• ABOUT THIS TASK: An unchanged copy of every record below, without pictures, is the goal.

• ENTRIES SHOWN:
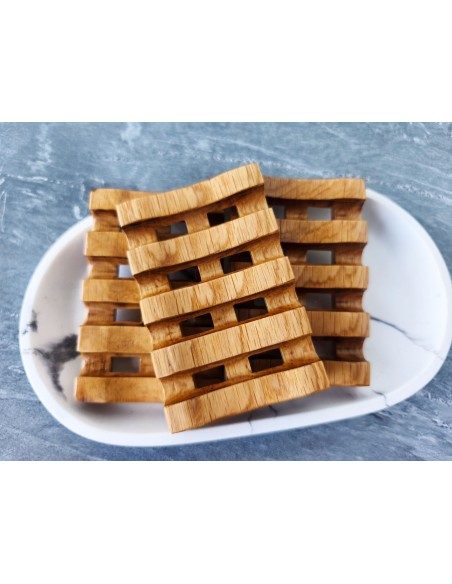 Natural oak soap dish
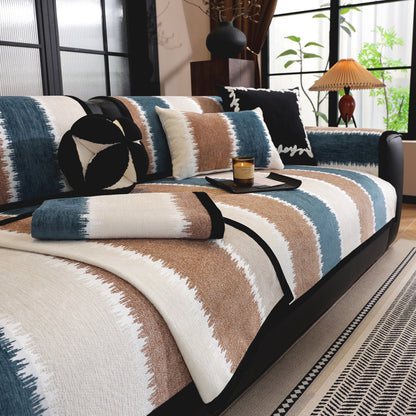 Striped Colorblock Non-Slip Sectional Couch Covers, Chenille Sofa Protector Cover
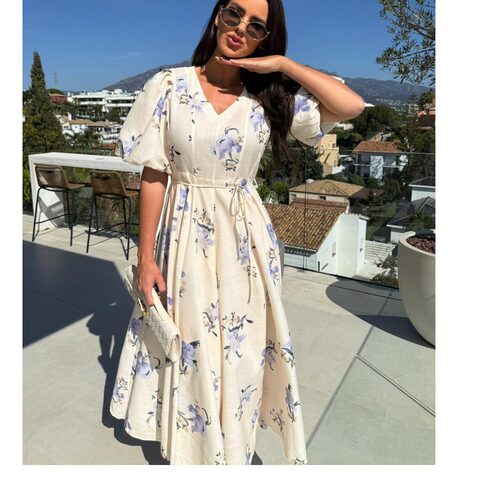 欧美夏季V领印花收腰短袖长裙女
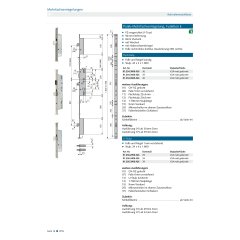 Panik-Mehrfachverriegelung, Funktion E - Dornma&szlig;: 35, Schlossstulp: Flachstulp, Ausf&uuml;hrung: Falle 5 mm vorstehend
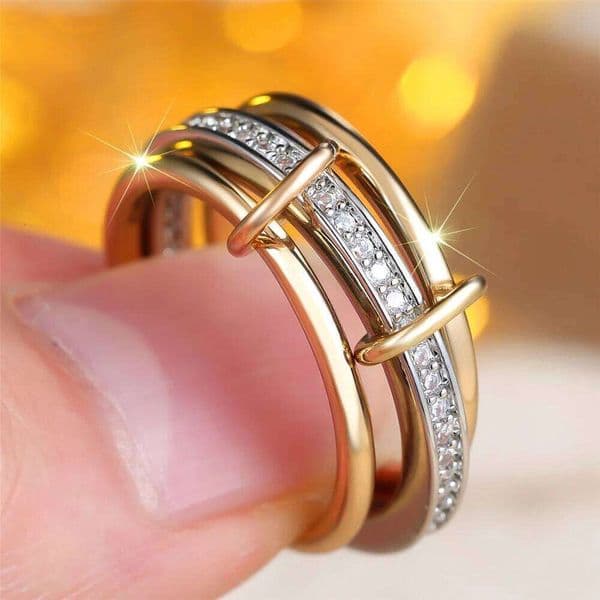 Female White Zircon Luxury Stone Engagement Ring Set Vintage Gold Color Bridal Wedding Bands Party Jewelry For Women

• WRITTEN ANSWER:
 Natural oak soap dish
 Striped Colorblock Non-Slip Sectional Couch Covers, Chenille Sofa Protector Cover
 欧美夏季V领印花收腰短袖长裙女
 Panik-Mehrfachverriegelung, Funktion E - Dornma&szlig;: 35, Schlossstulp: Flachstulp, Ausf&uuml;hrung: Falle 5 mm vorstehend
 Female White Zircon Luxury Stone Engagement Ring Set Vintage Gold Color Bridal Wedding Bands Party Jewelry For Women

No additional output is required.